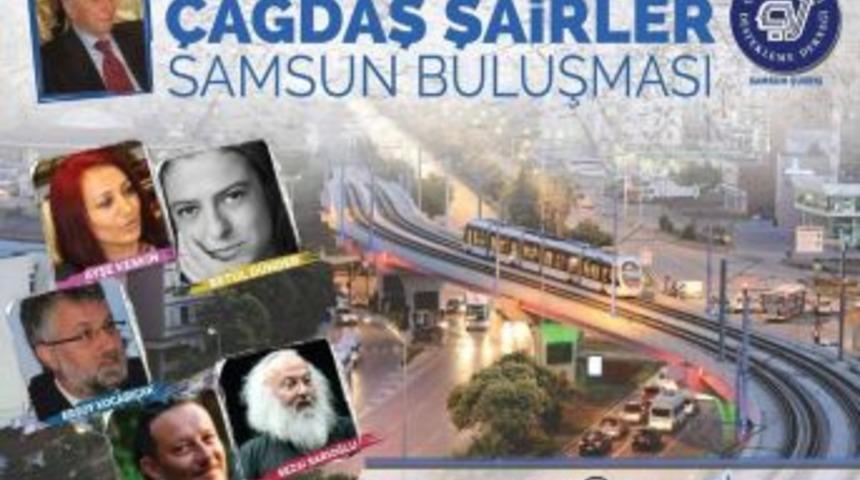 &Ccedil;ağdaş Şairler Samsun&rsquo;da Buluşuyor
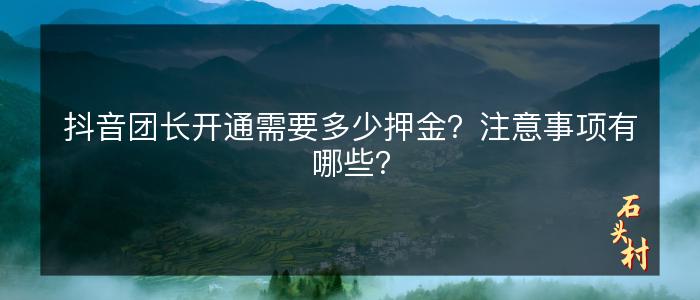 抖音团长开通需要多少押金？注意事项有哪些？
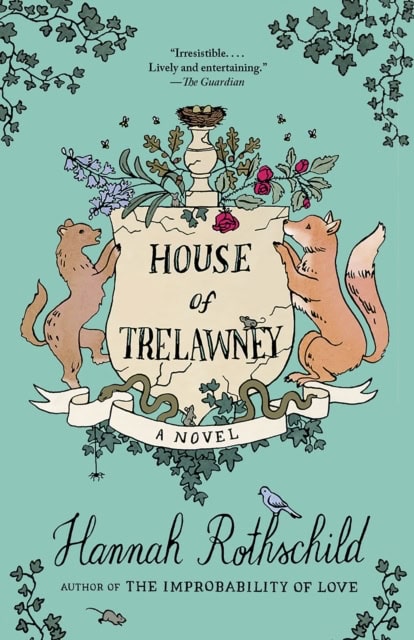 Hannah Rothschild : House of Trelawney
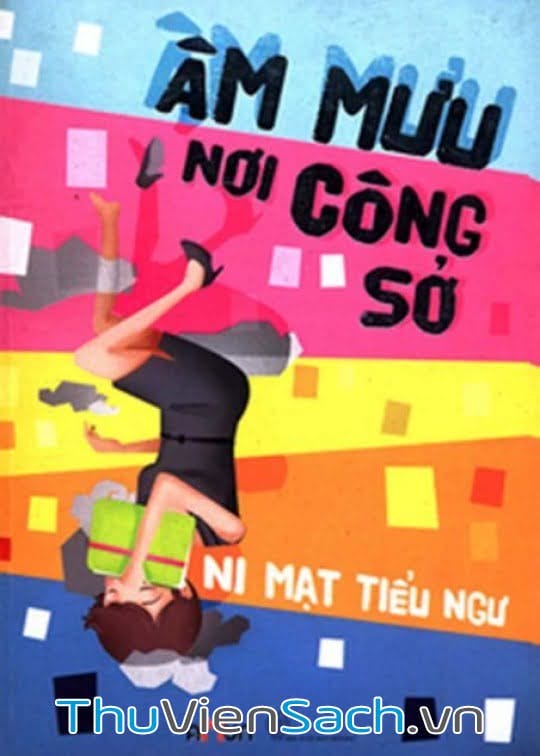 ÂM MƯU NƠI CÔNG SỞ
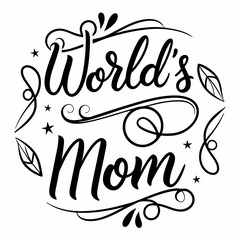 World's Best Mom: Elegant Calligraphy Mother's Day Design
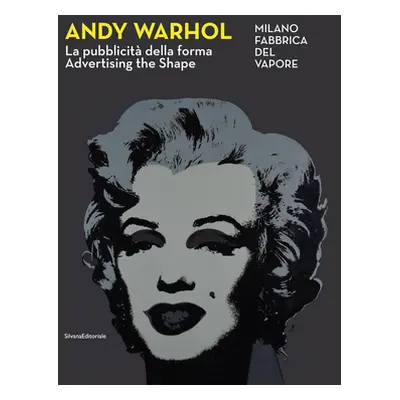 "Andy Warhol: Advertising the Shape" - "" ("Warhol Andy")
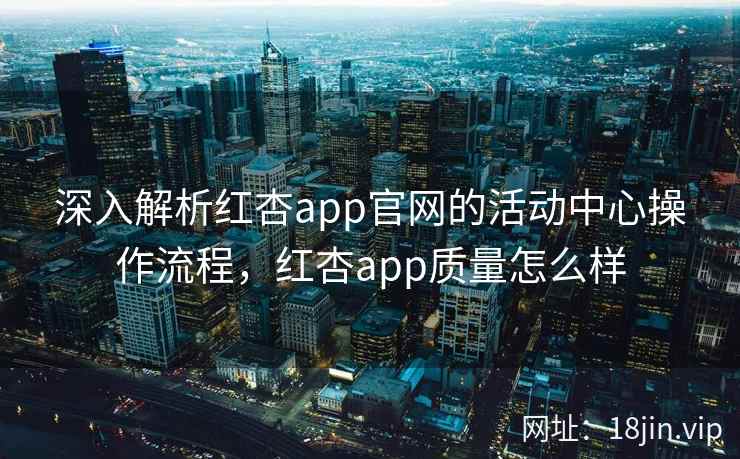 深入解析红杏app官网的活动中心操作流程，红杏app质量怎么样  第2张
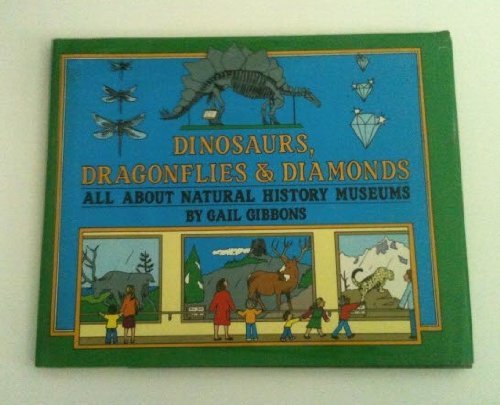 gail Gibbons/Dinosaurs, Dragonflies & Diamonds: All About Natur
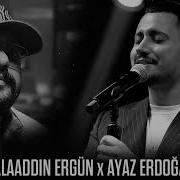 Ayaz Erdoğan X Alaaddin Ergün Gör Bak Yaktın Trend Remix 2025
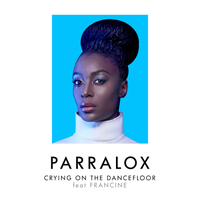 Parralox - Crying On The Dancefloor (Single)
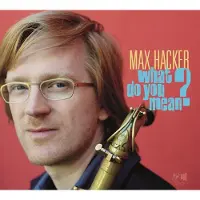 Coast2Coast Max Hacker - What Do You Mean? (CD)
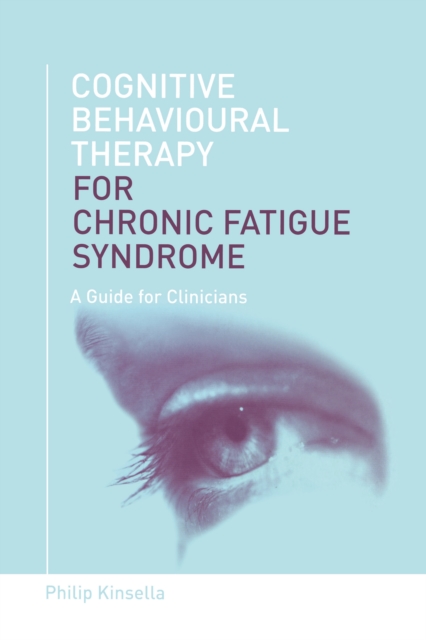 Cognitive Behavioural Therapy for Chronic Fatigue Syndrome : A Guide for Clinicians, PDF eBook
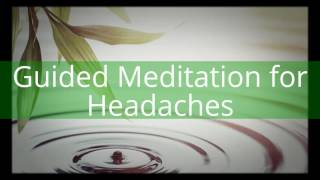 Guided Meditation for Headaches [upl. by Travis]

──────────

**YOUR GOAL**
All lines from the one containing "Coast2Coast Max Hacker" through the final line of the entries above must be restated word for word, pictures excluded.

**ANSWER AREA**
 Coast2Coast Max Hacker - What Do You Mean? (CD)
 Cognitive Behavioural Therapy for Chronic Fatigue Syndrome : A Guide for Clinicians, PDF eBook
 Guided Meditation for Headaches [upl. by Travis]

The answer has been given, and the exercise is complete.